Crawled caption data
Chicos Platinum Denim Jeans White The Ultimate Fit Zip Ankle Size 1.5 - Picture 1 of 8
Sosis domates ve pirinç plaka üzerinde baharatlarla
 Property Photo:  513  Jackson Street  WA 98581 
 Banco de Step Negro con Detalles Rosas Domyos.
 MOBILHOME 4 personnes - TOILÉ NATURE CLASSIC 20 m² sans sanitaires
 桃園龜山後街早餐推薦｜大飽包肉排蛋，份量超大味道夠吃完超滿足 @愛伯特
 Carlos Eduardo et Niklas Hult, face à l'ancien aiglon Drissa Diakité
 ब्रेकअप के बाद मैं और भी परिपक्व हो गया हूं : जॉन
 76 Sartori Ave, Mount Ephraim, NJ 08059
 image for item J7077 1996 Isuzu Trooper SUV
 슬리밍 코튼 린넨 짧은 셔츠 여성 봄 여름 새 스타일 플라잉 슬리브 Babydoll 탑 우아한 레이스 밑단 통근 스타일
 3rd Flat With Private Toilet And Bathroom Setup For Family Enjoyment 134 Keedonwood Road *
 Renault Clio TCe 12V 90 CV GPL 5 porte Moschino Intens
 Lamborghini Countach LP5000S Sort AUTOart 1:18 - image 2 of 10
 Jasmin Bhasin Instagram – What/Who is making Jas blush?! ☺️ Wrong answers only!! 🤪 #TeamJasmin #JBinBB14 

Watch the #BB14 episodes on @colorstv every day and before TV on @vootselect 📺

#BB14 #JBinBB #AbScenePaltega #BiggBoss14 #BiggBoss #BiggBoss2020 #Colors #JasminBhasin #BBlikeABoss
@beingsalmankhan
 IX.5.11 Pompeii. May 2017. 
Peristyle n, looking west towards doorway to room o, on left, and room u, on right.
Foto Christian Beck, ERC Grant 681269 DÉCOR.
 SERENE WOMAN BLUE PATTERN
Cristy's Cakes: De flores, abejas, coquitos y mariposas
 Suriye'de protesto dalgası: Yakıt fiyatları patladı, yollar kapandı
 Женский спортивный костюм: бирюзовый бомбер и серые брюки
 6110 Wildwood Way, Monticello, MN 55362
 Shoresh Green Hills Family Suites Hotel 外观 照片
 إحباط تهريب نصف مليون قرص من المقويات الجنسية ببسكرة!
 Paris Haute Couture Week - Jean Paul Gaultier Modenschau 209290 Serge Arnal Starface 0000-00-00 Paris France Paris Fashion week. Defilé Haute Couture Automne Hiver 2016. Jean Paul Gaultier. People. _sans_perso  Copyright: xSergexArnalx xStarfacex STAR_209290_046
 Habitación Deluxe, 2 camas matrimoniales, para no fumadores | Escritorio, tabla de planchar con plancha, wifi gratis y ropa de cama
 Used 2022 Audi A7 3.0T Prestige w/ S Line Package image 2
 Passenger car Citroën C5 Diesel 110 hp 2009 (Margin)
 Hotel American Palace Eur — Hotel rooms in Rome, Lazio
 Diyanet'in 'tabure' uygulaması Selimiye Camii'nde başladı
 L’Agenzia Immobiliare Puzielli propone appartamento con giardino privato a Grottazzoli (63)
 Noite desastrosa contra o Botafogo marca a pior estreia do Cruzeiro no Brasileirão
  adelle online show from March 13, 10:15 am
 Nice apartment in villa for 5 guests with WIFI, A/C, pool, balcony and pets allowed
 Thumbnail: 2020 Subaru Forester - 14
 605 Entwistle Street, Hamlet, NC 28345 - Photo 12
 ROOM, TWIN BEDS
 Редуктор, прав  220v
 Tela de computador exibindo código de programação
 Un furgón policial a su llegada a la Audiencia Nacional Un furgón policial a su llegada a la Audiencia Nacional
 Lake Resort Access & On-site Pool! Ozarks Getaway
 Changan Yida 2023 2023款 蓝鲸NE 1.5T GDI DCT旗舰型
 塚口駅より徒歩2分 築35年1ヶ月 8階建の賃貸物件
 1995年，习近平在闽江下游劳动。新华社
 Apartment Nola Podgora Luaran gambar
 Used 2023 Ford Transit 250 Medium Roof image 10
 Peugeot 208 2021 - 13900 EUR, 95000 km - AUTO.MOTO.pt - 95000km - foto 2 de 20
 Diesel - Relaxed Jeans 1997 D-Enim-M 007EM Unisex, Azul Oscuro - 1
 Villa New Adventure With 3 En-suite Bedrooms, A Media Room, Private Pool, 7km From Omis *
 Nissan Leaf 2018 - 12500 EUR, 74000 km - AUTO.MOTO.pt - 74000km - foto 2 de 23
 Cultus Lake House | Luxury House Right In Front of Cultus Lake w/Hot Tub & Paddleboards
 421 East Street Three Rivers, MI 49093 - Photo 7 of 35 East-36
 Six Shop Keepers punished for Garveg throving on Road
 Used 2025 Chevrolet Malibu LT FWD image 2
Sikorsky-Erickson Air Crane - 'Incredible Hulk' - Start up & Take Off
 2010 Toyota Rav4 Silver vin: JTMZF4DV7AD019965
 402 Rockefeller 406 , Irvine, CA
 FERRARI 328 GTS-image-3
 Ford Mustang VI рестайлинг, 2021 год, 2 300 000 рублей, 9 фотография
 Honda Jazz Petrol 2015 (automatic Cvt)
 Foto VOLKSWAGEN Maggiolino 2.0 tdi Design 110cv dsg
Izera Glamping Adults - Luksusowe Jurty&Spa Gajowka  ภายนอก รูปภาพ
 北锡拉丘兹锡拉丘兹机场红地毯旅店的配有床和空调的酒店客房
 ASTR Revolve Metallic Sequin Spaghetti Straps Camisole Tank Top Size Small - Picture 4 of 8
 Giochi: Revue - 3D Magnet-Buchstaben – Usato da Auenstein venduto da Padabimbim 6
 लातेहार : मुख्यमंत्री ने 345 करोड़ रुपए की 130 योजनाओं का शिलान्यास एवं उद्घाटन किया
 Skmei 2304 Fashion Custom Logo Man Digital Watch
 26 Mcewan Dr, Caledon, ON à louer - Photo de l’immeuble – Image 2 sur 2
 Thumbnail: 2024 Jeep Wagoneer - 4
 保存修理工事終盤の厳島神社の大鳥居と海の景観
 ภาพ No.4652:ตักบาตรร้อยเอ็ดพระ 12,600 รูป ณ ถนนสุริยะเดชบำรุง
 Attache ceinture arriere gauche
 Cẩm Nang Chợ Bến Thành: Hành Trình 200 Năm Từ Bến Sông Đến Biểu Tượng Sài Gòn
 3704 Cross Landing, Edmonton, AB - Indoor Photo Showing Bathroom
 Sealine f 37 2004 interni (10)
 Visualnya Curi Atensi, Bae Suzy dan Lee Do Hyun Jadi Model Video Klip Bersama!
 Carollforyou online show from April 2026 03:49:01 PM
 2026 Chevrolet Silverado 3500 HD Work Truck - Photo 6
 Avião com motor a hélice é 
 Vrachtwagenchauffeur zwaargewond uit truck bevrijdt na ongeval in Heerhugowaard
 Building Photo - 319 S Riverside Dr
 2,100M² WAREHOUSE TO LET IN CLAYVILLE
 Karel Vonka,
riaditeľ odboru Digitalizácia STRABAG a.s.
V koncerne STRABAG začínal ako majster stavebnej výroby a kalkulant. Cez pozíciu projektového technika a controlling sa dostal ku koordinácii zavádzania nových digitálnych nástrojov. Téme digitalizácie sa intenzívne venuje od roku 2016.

What the exercise asks
Of the entries above, repeat exactly the lines between the line with "Diesel - Relaxed" and the line with "Nissan Leaf 2018", inclusive, and no others.

Finished exercise
 Diesel - Relaxed Jeans 1997 D-Enim-M 007EM Unisex, Azul Oscuro - 1
 Villa New Adventure With 3 En-suite Bedrooms, A Media Room, Private Pool, 7km From Omis *
 Nissan Leaf 2018 - 12500 EUR, 74000 km - AUTO.MOTO.pt - 74000km - foto 2 de 23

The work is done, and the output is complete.